‘American Teen’ documents lipstick and locker years at Warsaw High School
THE documentary “American Teen” illustrates that no matter how drastically the world changes, high school remains steadfastly the same.
Filmmaker Nanette Burstein (“ The Kid Stays in the Picture”) spent 10 months following five teenagers at Warsaw High School in Warsaw, Ind., which has a population of 12,500: Hannah is a smart, independent spirit who wants to move to California to become a filmmaker; Colin is a champion basketball player who is under extreme pressure by his father to get a college scholarship; Jake is the school’s nerd who desperately wants a girlfriend; Megan is the popular girl waiting to hear if she was accepted at Notre Dame; and Mitch is the basketball jock who briefly dates Hannah.
“High school was a really difficult time in my life and a formative time in my life,” Burstein says. “It was a subject I wanted to tackle for my own personal reasons.”

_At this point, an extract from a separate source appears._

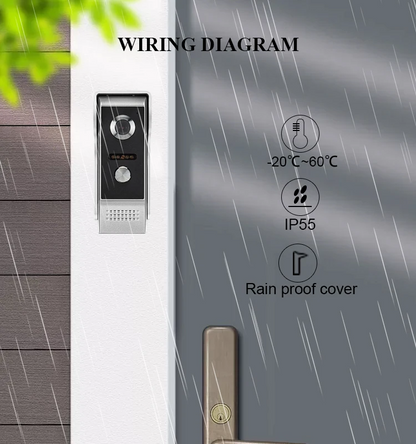 4-Wired Video Doorbell with 7" Monitor | Multi-Camera Doorphone for Villa Home Security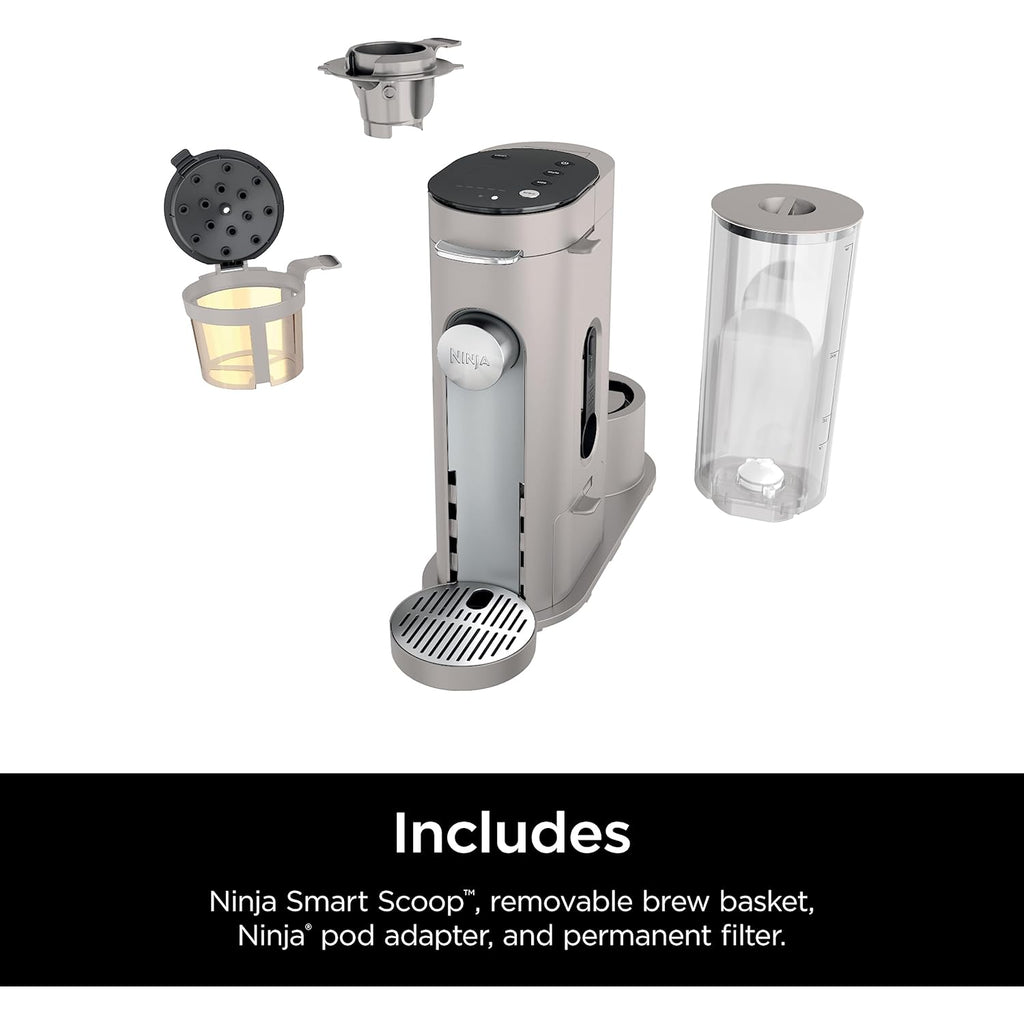 Ninja Pods & Grounds Single-Serve Coffee Maker, K-Cup Pod Compatible, Brews Grounds, Compact Design, 56-oz. Reservoir, 6-oz. Cup to 24-oz. Travel Mug Brew Sizes, Iced Coffee Maker, Stone, PB041ST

She chose a Midwestern school because she thought there was more “timelessness” in that part of the country. “I wanted it to be in a town that only had one high school so you couldn’t escape from what your social status was, meaning if you were an underdog it was more challenging and if you were popular you might feel more powerful. I wanted it to be economically mixed. I also needed a school that would really cooperate.”
For the film, which Paramount Vantage will release July 25, she says she was “looking for universal story lines that I both experienced and had seen in teen fiction films, but seen in a very one-dimensional way.”